--- RECORDED DATA ---
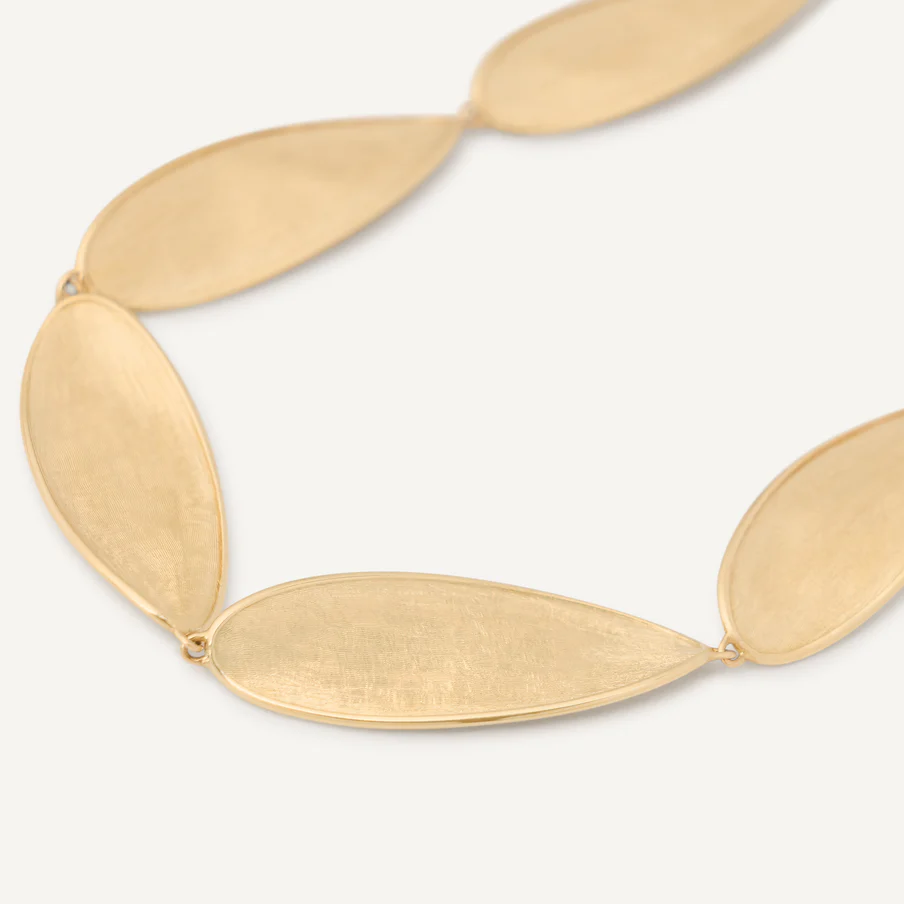 Close Up of hand etched gold Marco Bicego Lunaria Twist Iconic Leaf Gold Necklace (Short) CB2895 Y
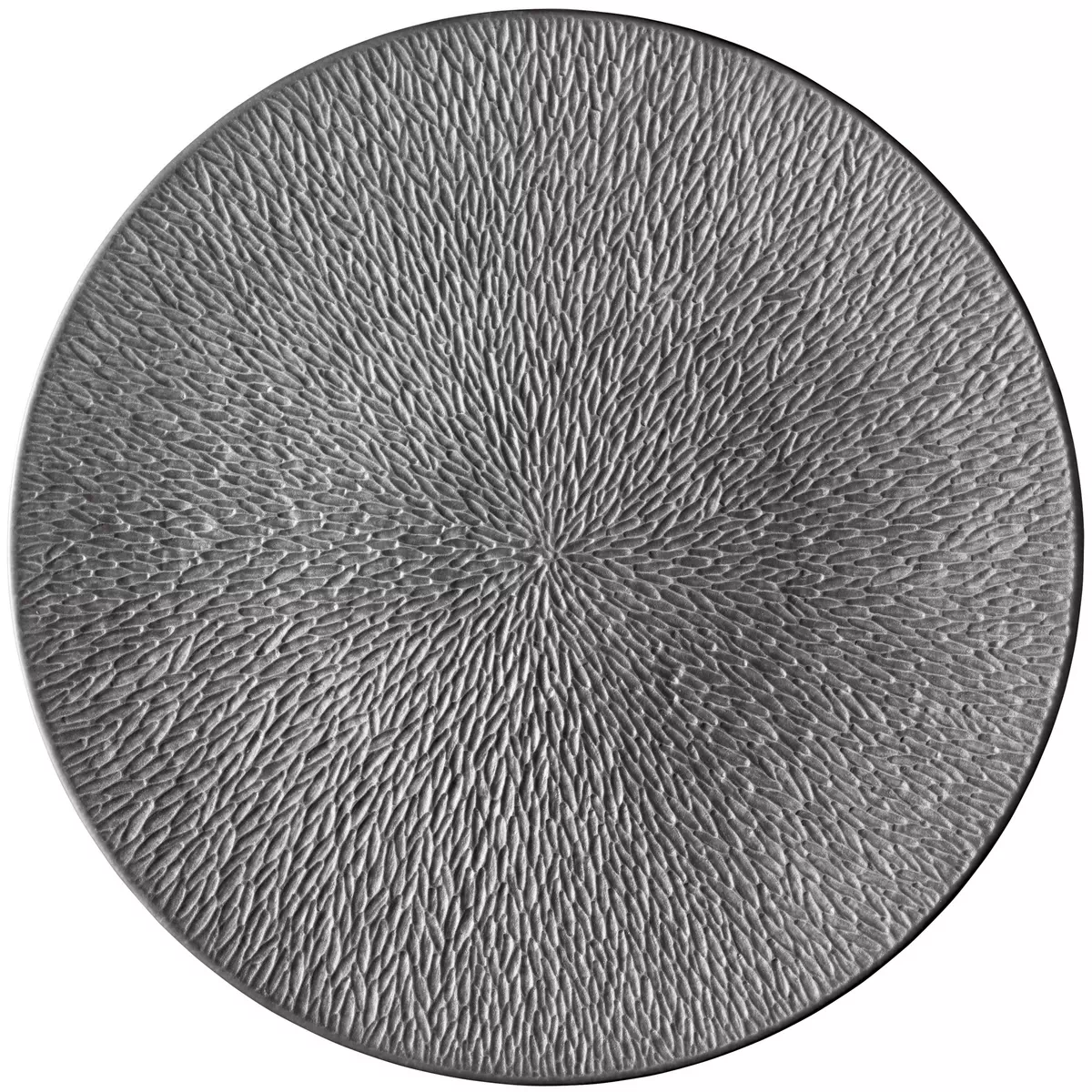 Minéral Irisé Dark Grey charger plate, engraved all over by Raynaud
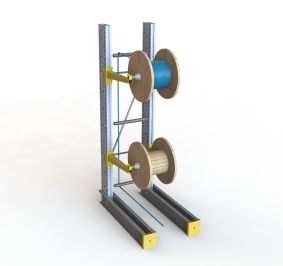 Diagram van draagarmstelling met armen uitgerust met goten en assen die 2 haspels ondersteunen
			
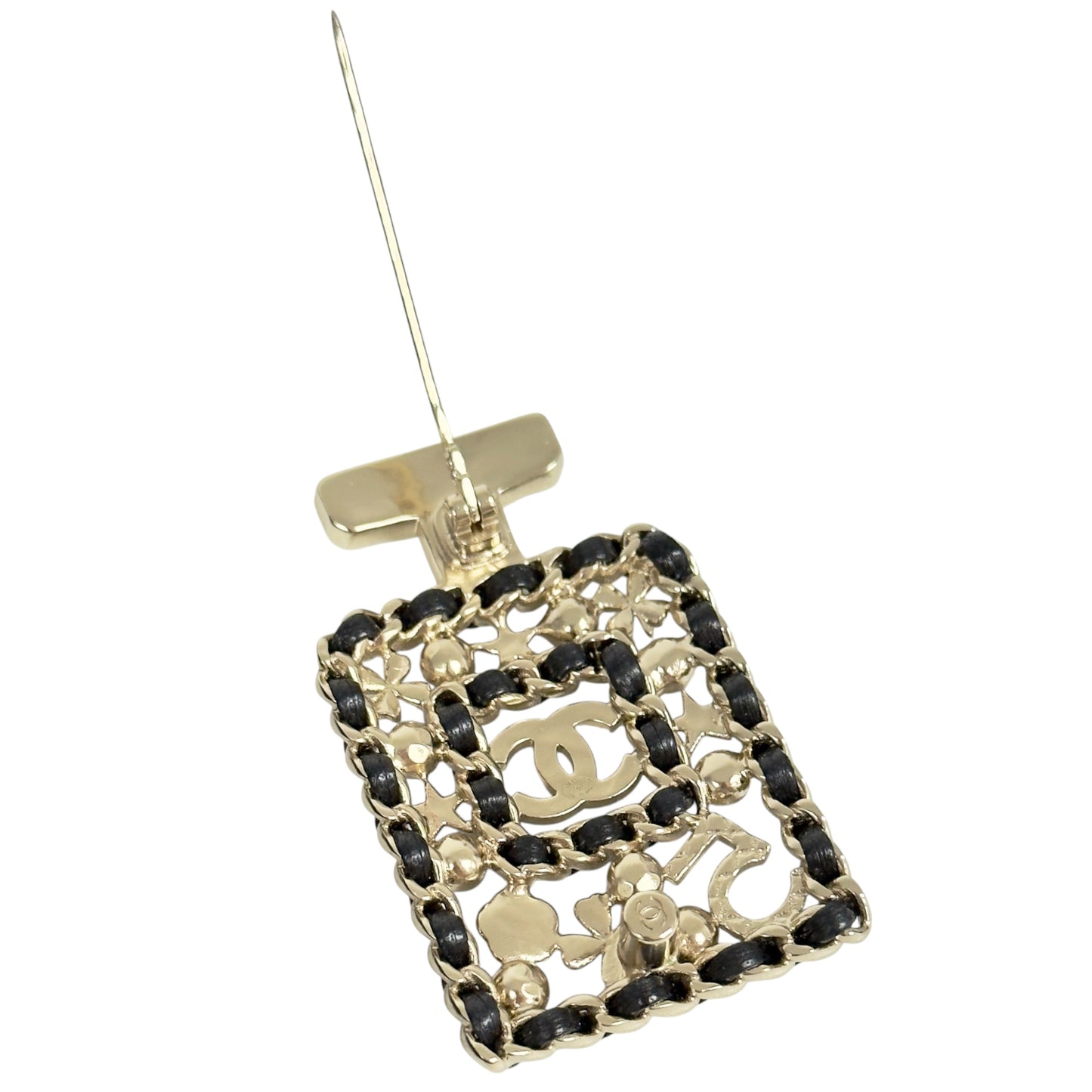 CHANEL CC 水鑽 皮穿鏈 香水樽 胸針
---
Transcribe all the lines above exactly; any image among them is skipped.

 Close Up of hand etched gold Marco Bicego Lunaria Twist Iconic Leaf Gold Necklace (Short) CB2895 Y
 Minéral Irisé Dark Grey charger plate, engraved all over by Raynaud
 Diagram van draagarmstelling met armen uitgerust met goten en assen die 2 haspels ondersteunen
			
 CHANEL CC 水鑽 皮穿鏈 香水樽 胸針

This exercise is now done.